You forgot about these

  1. Please mention the task you are solving in the diff description (see https://docs.softwareheritage.org/devel/contributing/git-style-guide.html )

Do I repeat which task I am solving in every diff description?
If so, I suppose I am to put as the subject, what I am changing in the diff, eg. "rebase", "fix XXX" etc in the title of the diff. Is this right?

  1. also reword the commit message to follow the Git style conventions (see the linked doc, too)

So my commit message will be "Fixes T4276" only?
Wouldn't I need to mention that a test to verify if the fix works is also added in this commit?

  1. Please mention the task you are solving in the diff description (see https://docs.softwareheritage.org/devel/contributing/git-style-guide.html )

Do I repeat which task I am solving in every diff description?

Yes

If so, I suppose I am to put as the subject, what I am changing in the diff, eg. "rebase", "fix XXX" etc in the title of the diff. Is this right?

No, the title should describe the change, so it is readable without opening the diff or the task. "fix XXX" should only be a line within the description. "rebase" would never be in the title of a diff; I think you confuse diffs (eg. D8002 is a diff, created with arc diff --create or simply arc diff with no --update argument) with diff updates (which are a change to an existing diff, created with arc diff --update)

  1. also reword the commit message to follow the Git style conventions (see the linked doc, too)

So my commit message will be "Fixes T4276" only?

It should be "cff: Ignore invalid yaml files" because:

  1. imperative mood
  2. the "cff:" prefix makes it clearer what part of the code is changed
  3. "Ignore invalid yaml" instead of "Fix T4276", because it is meant to be read without jumping between web pages. Additionally, git histories usually outlive forges, so we should not rely on the forge to keep this type of information.

Wouldn't I need to mention that a test to verify if the fix works is also added in this commit?

It is implicit that every fix comes with a new test.

VickyMerzOwn retitled this revision from Ignores invalid yaml files to CffMapping: Ignores invalid yaml files.Jun 21 2022, 8:54 AM
VickyMerzOwn edited the summary of this revision. (Show Details)

Okay, got it. I have made these changes. Updated the diff title and is the summary of D8002 sufficient & correct now?

Also, I'll keep in mind the commit message imperative style along with diff update description styles.

Build is green

Patch application report for D8002 (id=28855)

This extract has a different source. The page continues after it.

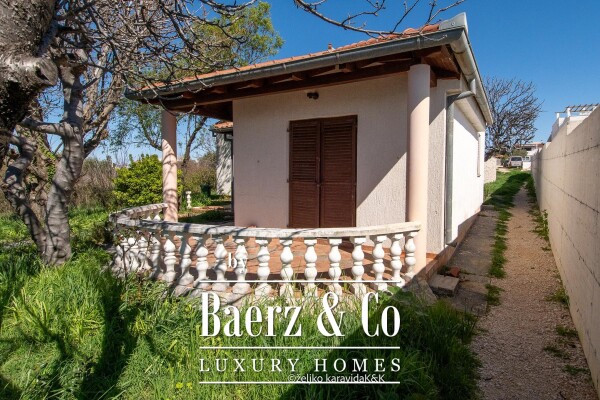 photo 5 Zadar, Karma, house with garden in an excellent location, first row to the sea, 111 m²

Rebasing onto 14f8a8574c...

First, rewinding head to replay your work on top of it...
Applying: cff: Ignore invalid yaml files
Changes applied before test
commit 359f1a8d9a0e3e70436465f3c3aa1cd2f91f735b
Author: Satvik Vemuganti <vemugantisesha@iitbhilai.ac.in>
Date:   Fri Jun 17 14:14:32 2022 +0530

    cff: Ignore invalid yaml files

See https://jenkins.softwareheritage.org/job/DCIDX/job/tests-on-diff/269/ for more details.

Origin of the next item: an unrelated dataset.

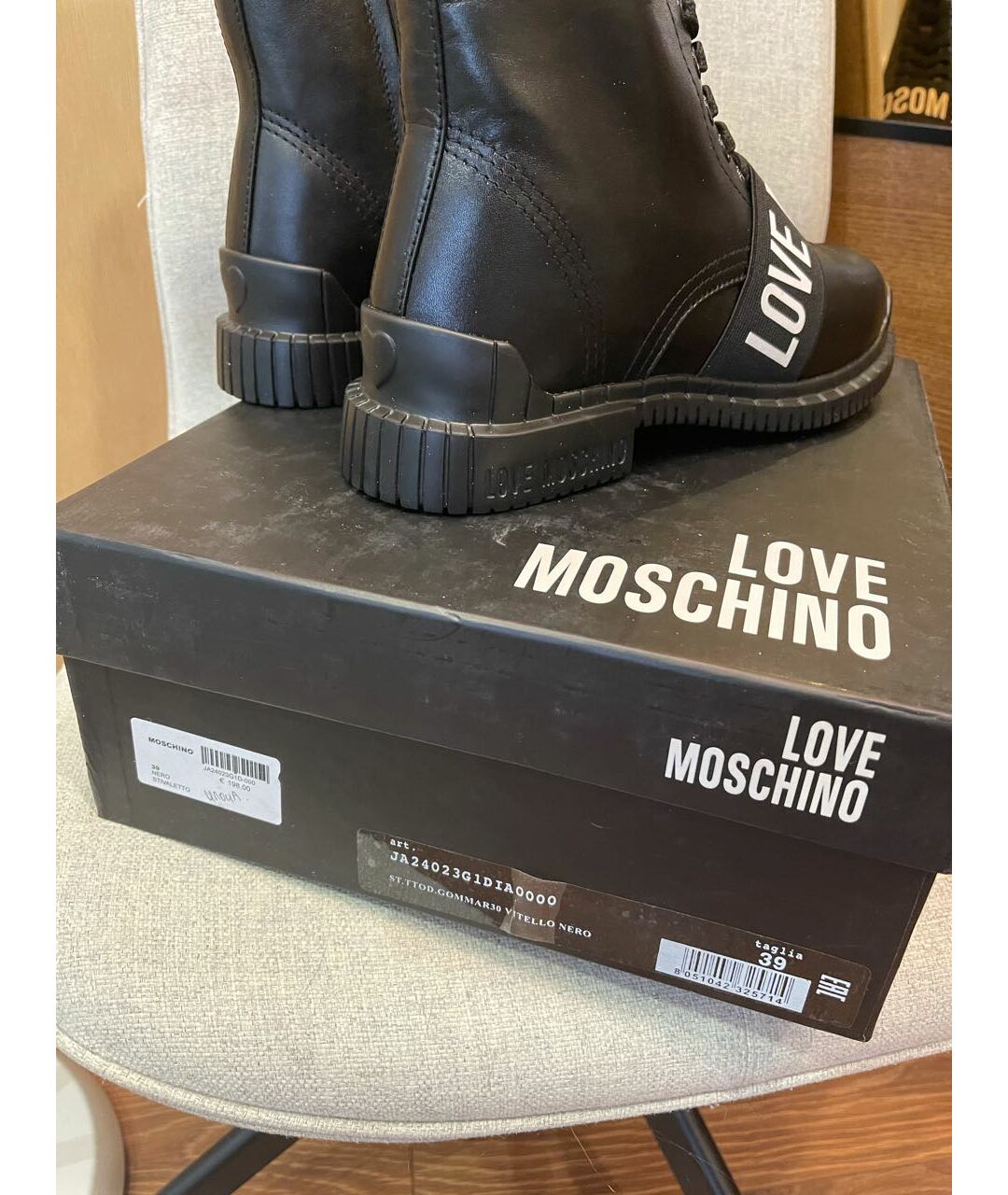 LOVE MOSCHINO Черные кожаные ботинки, фото 8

Tests cff mappings of empty yaml files
Tests cff mappings of lists in yaml files

Build is green

Patch application report for D8002 (id=28856)

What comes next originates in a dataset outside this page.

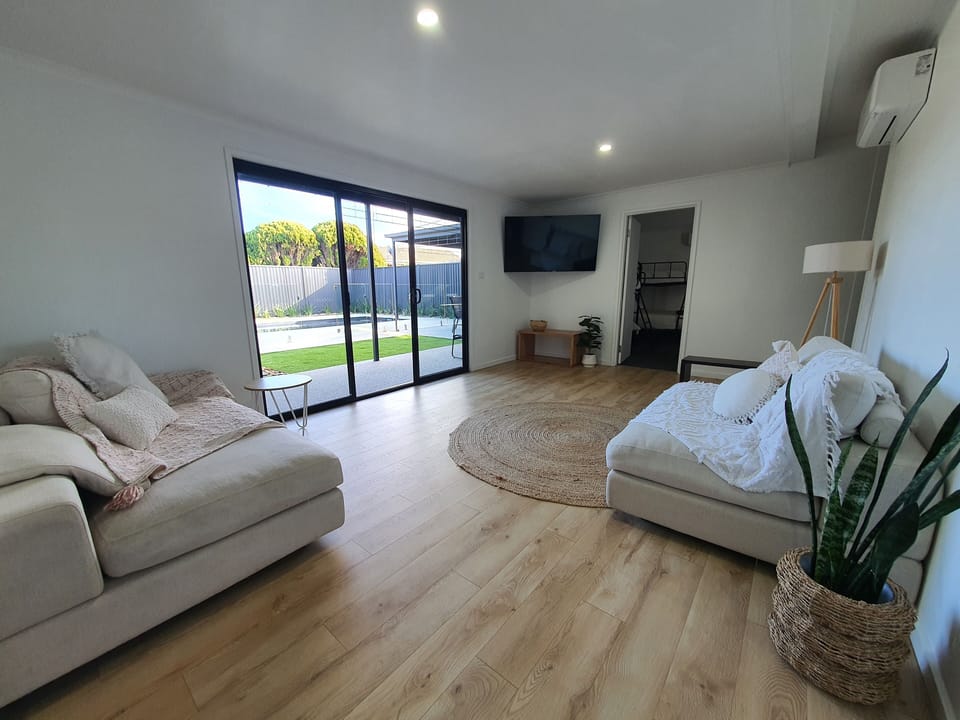 2nd Living Area In Guest Wing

Rebasing onto 14f8a8574c...

First, rewinding head to replay your work on top of it...
Applying: cff: Ignore invalid yaml files
Changes applied before test
commit 2a43d997b97f08a617723066e879752a8d80a2d7
Author: Satvik Vemuganti <vemugantisesha@iitbhilai.ac.in>
Date:   Fri Jun 17 14:14:32 2022 +0530

    cff: Ignore invalid yaml files

See https://jenkins.softwareheritage.org/job/DCIDX/job/tests-on-diff/270/ for more details.

Build is green

Patch application report for D8002 (id=28857)

Rebasing onto 14f8a8574c...

Current branch diff-target is up to date.
Changes applied before test
commit 153bda12aa0d5cbcb55ac9b32539a79d2021ab60
Author: Satvik Vemuganti <vemugantisesha@iitbhilai.ac.in>
Date:   Fri Jun 17 14:14:32 2022 +0530

    cff: Ignore invalid yaml files

See https://jenkins.softwareheritage.org/job/DCIDX/job/tests-on-diff/271/ for more details.

This revision is now accepted and ready to land.Jun 21 2022, 11:25 AM
This revision was automatically updated to reflect the committed changes.